## Assignment:
Below are lines of records; copy exactly those from the one containing "OHRPOLSTER SET ALTERNATIV" through the one containing "Find Your Marriage", leaving the pictures behind.

## Information shown:
----------------
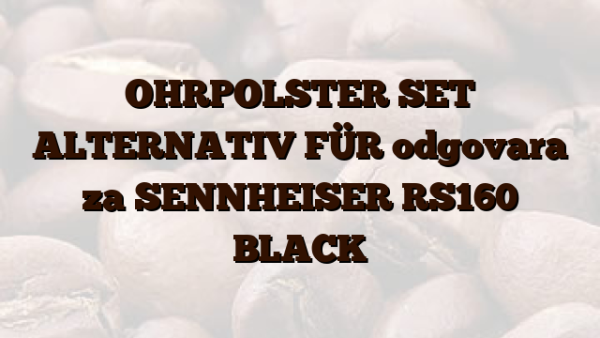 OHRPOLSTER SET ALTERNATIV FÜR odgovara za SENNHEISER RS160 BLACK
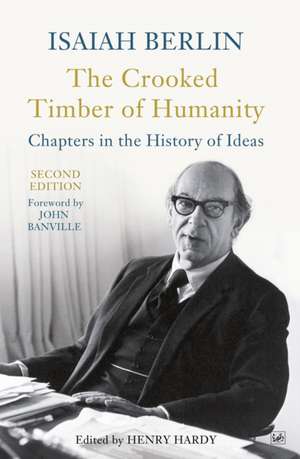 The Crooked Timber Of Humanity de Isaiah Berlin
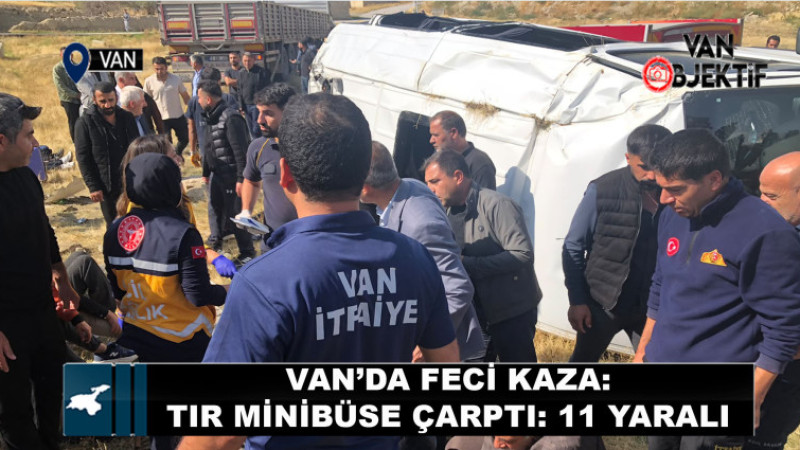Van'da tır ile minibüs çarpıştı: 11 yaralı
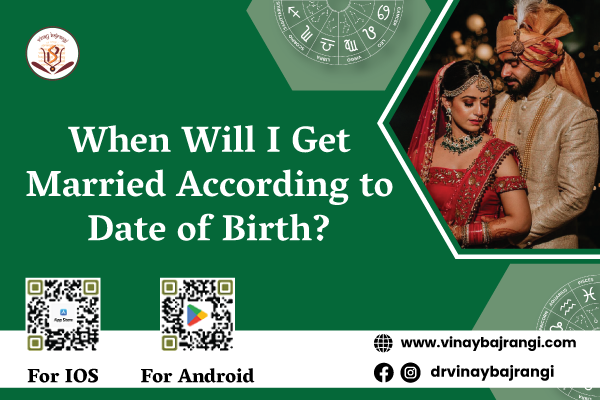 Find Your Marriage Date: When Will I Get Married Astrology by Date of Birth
----------------
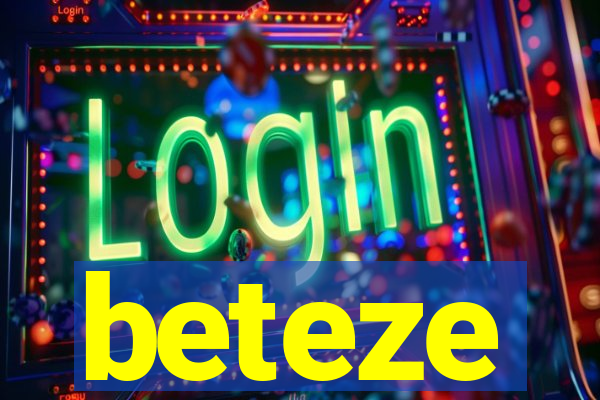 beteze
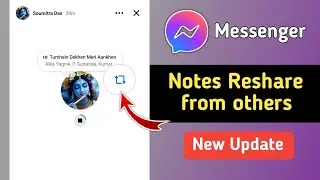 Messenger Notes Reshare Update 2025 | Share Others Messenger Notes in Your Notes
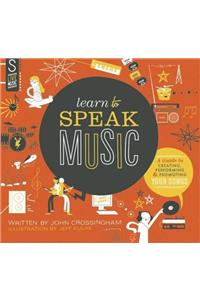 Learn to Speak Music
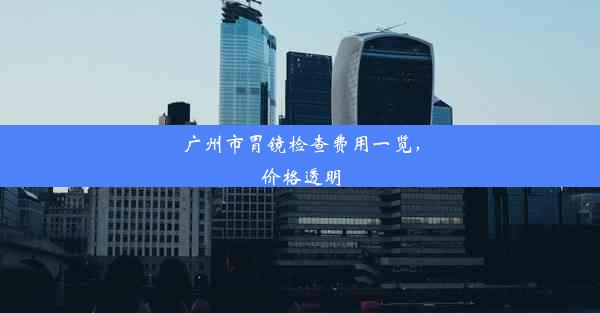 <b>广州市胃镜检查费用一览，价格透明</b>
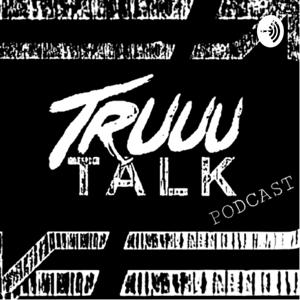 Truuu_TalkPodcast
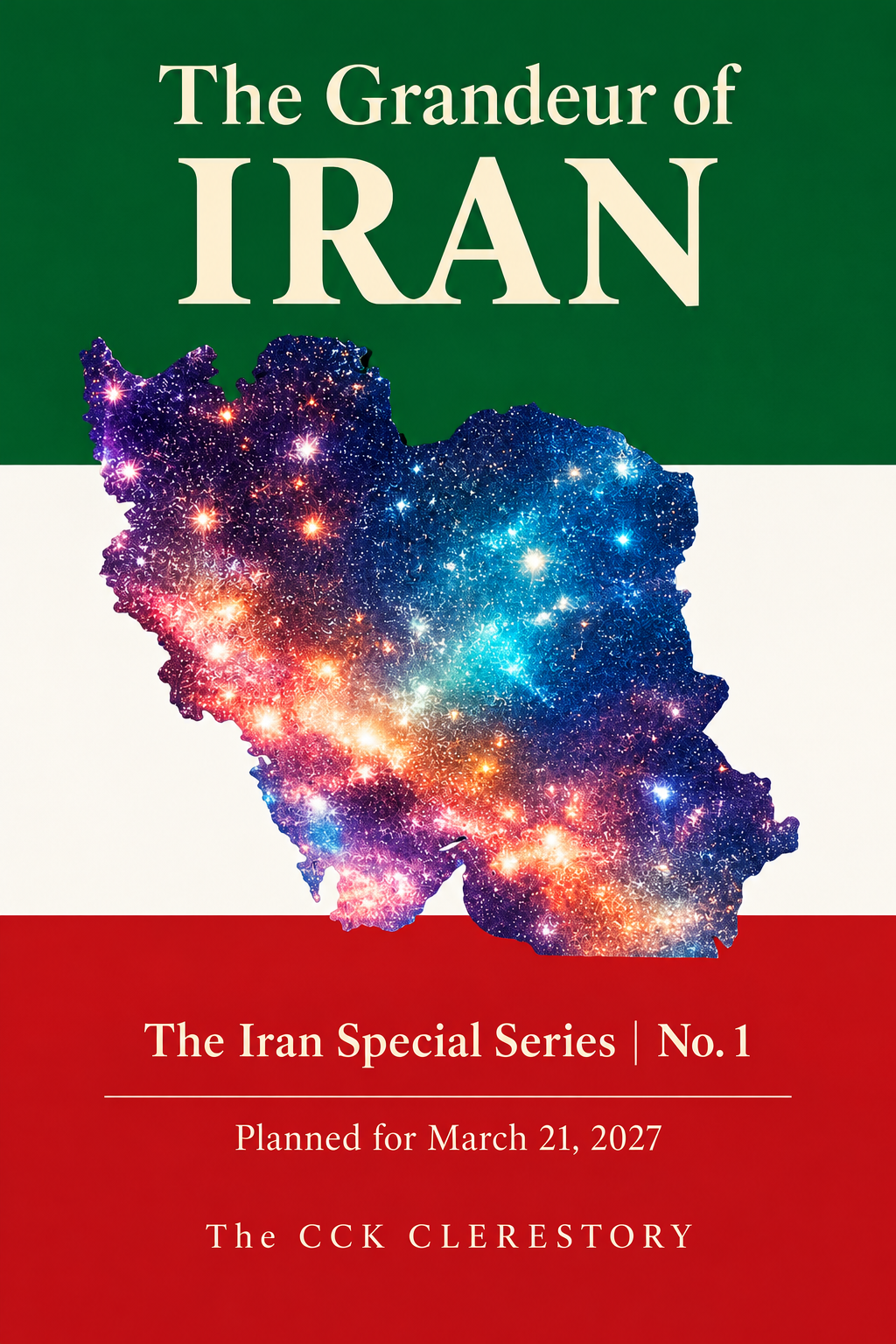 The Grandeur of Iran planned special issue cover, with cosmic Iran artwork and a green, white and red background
----------------
## Answer for this exercise:
 OHRPOLSTER SET ALTERNATIV FÜR odgovara za SENNHEISER RS160 BLACK
 The Crooked Timber Of Humanity de Isaiah Berlin
Van'da tır ile minibüs çarpıştı: 11 yaralı
 Find Your Marriage Date: When Will I Get Married Astrology by Date of Birth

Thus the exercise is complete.